The SFX of the two shows support their particular spin on sci-fi. For instance, exterior shots of the Galactica show a gigantic tin can, unmoving, floating silently in space. Meanwhile, exterior shots of Serenity show it engaging its afterburners and accelerating loudly away from the camera. The most recent episode of BSG featured a gripping dogfight during which the viewer gets to see... 

the crew of the ship's Combat Information Center staring at their displays and not speaking. It was awesome.  

As a fan I prefer to watch Battlestar Galactica, without a second thought. 

As a network executive, I'd give Firefly the green light.


----------



## Ranger REG (Sep 14, 2005)

John Crichton said:
			
		

> Of course they are both enjoyable but there is no fun in just staying put.  The point of this is to play the head of a network for one day.  You get to keep one show but have to kill the other.  Which would you choose?
> 
> C'mon, you know you wanna.



Which network I'm working for?


----------



## Mustrum_Ridcully (Sep 14, 2005)

I´d go for Battlestar Galactica, even if plainly for the reason that I am currently fully entangled in the storyline and Firefly happend a long time ago. 

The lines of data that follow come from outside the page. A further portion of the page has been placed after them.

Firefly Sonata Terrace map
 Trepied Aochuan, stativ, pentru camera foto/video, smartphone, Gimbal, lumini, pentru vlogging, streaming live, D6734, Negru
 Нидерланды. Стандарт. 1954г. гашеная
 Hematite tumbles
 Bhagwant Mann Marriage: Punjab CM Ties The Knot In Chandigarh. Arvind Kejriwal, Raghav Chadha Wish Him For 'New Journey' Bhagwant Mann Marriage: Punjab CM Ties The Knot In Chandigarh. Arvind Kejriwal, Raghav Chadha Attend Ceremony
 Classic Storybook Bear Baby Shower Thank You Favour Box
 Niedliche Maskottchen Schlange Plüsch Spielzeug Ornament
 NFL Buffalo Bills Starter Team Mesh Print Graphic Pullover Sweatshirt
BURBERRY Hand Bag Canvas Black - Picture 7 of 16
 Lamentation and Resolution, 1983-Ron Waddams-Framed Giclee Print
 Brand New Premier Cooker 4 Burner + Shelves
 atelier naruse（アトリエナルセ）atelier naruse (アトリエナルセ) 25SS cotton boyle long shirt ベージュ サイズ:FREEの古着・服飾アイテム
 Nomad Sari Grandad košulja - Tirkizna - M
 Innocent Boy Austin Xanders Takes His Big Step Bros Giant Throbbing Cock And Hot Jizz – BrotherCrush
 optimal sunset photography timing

I think Galactica is even more innovative than Firefly. Firefly still uses many common concepts at least known from Buffy and Angel (the characters build their own happy family), but that probably have been around for a long time now. Galactica is different, and enjoyable so. 

Though I must admit, I would hate having to chose - but at least one is better than none.


----------



## Dark Jezter (Sep 15, 2005)

If I'm the head of a major network, I cancel them both and put Futurama back on the air.


----------



## Black Omega (Sep 15, 2005)

Battlestar Galactica is my choice, easy.  Though with the internet buzz Firefly always got, I figured it would win the poll.  My just be personal preference, but I really like Galactica.  While Firefly's liternal 'western in space' only annoyed me.  The trailer looks cool for the movie, but the TV series turned me off it enough I might skip it.  The two episodes of Firefly I watched only annoyed me.


----------



## Just_Hal (Sep 15, 2005)

Tenser42 said:
			
		

> I love both shows, but I chose Firefly because, even though BSG is a great show, and makes me think, and keeps me interested, Firefly made me laugh like almost no show has.  The setting and characters were fascinating, and when I was done watching the DVD for the first time, I was depressed that I would not be able to learn more about them (thank goodness for Serenity, and here's hoping for more movies after that).
> 
> If BSG were canceled today, I would be upset, but not quite to the extent that I'm upset over Firefly being canceled.





ditto


----------



## Agamon (Sep 15, 2005)

Wow, that's not even fair.  BSG is good, but not Firefly good.


----------



## John Crichton (Sep 15, 2005)

Ranger REG said:
			
		

> Which network I'm working for?



 Choose any network you like or assume you work for all the major ones and do a comparison of how you'd handle each.  It's all in good fun either way.


----------



## The_Universe (Sep 15, 2005)

Battlestar all the way. Better cast, less Whedon-trademark angst. Plus more explosions.


----------



## mattcolville (Sep 15, 2005)

I am, it should be noted, a huge snob and think Whedon's stuff is generally crap. BSG isn't great but it's pretty good and it's better than most SF on TV.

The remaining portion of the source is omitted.